Last night’s Budget pulled down the national economic debt, but it continued the process of racking up our ecological debt.
Once again, the funds allocated to renewable energy, public transport and energy efficiency pale into insignificance next to the tens of billions to roads and the military.
The $652 million of new money to renewable energy, saved due to the decision not to even attempt negotiations with the Greens over a carbon pricing system will be welcomed by an industry which has been starved of funds for so long. Even since the Rudd government’s election, the promise of new funding has still been just that – a promise. Virtually none of the Renewable Energy Development Fund has been spent, and the Solar Flagships were only short-listed last night.
Piecemeal subsidies to renewables will only mean we will import technologies from overseas – where they take renewables seriously as an alternative to coal – to supplement a handful of coal fired power plants with some solar power.
We won’t see long-term jobs or manufacturing set up here unless we get a policy framework in place that will actually deliver a transformation – and that does not mean a CPRS which is designed to secure ongoing investment in coal. The Greens will be pushing hard in the Senate and the election campaign for some of those policies – such as a feed-in tariff for all renewable energy, a significant increase in the renewable energy target, loan guarantees for large-scale renewable energy developments and a levy on big polluters.

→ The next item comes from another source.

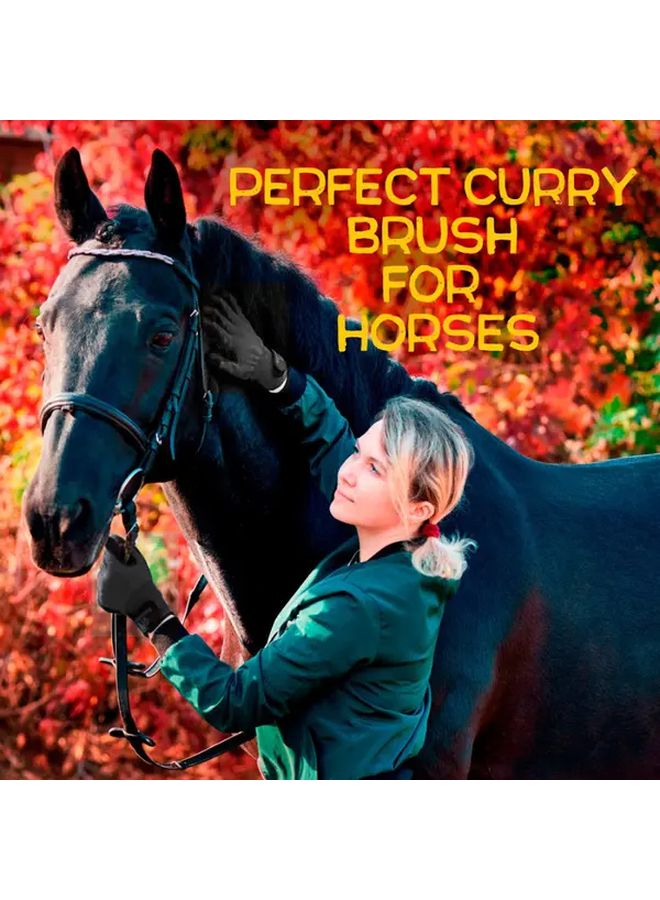 Heavy Duty Horse Grooming Gloves Black Silicone Bumps Non Slip Ergonomic Fit Large Horses Donkeys Mules Durable Pet Care Tools 1 Pair - Image 4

The missed opportunity is stark, and the cuts to on-the-ground environment programs from Landcare to green car innovation to water tanks will be devastating to thousands of people. But the biggest sting in the tail – the decision which is likely to have the most far-reaching implications – is the government’s decision to incorporate their entire commitment to climate financing for developing nations into existing aid budget promises, instead of making it additional.
You may recall that one of the few rays of hope at last December’s Copenhagen Conference was the commitment by rich nations to allocate some US$30 billion to a fast-start financing program to help developing countries reduce their emissions and adapt to climate changes already locked in. The understanding at the conference was that this commitment would be additional to existing aid budgets – indeed additional to promised increases under the Millennium Development Goals.
Outgoing Secretary of the UN climate process, Yvo de Boer, has repeatedly warned this year that the key challenge this year is to rebuild trust between developed and developing nations. Just this week, de Boer warned that if developed nations take their climate financing funds out of existing aid budgets it will be seen as “climate washing” and “not conducive” to that vital process of rebuilding trust. For a consummate diplomat like de Boer, this was very strong language.
The Rudd government has allowed domestic climate action to languish with yet another budget failure. But it has delivered an unforgivable blow to international climate negotiations at a time when we desperately need progress.
The Rudd government may think that racking up ecological debt in this way suits their short term political agenda, but it is not wise management for the future and it will not be appreciated by an electorate increasingly concerned about the impact of the climate crisis, extinctions and peak oil on their lives.